### Exercise goal
Could you set down the lines below, from the one containing "Six black and" through the final line, exactly as written?

[Entries taken from a collection]
_ _ _ _ _ _ _

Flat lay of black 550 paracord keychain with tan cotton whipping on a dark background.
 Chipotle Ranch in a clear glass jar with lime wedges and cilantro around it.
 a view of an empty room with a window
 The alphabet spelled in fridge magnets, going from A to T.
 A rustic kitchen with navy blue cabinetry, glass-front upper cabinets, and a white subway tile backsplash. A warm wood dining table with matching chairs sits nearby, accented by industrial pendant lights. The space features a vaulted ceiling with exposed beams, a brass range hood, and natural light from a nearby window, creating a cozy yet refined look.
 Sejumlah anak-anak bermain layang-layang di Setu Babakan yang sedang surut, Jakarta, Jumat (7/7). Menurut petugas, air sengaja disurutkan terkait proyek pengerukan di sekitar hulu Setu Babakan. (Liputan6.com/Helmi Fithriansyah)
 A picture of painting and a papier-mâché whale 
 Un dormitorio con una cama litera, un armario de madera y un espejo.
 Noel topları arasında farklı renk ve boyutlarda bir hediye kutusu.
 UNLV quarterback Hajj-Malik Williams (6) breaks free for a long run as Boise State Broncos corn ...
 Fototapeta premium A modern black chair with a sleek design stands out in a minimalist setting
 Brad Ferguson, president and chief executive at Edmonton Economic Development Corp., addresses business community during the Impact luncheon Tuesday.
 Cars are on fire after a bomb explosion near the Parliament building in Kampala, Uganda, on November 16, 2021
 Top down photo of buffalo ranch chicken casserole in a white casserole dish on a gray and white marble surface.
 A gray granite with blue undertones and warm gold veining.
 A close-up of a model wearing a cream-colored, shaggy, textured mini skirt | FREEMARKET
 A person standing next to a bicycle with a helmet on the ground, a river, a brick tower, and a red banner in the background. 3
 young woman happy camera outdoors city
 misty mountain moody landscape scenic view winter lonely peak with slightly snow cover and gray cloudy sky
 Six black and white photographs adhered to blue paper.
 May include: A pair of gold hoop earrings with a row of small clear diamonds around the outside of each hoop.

_ _ _ _ _ _ _

### Exercise answer
 Six black and white photographs adhered to blue paper.
 May include: A pair of gold hoop earrings with a row of small clear diamonds around the outside of each hoop.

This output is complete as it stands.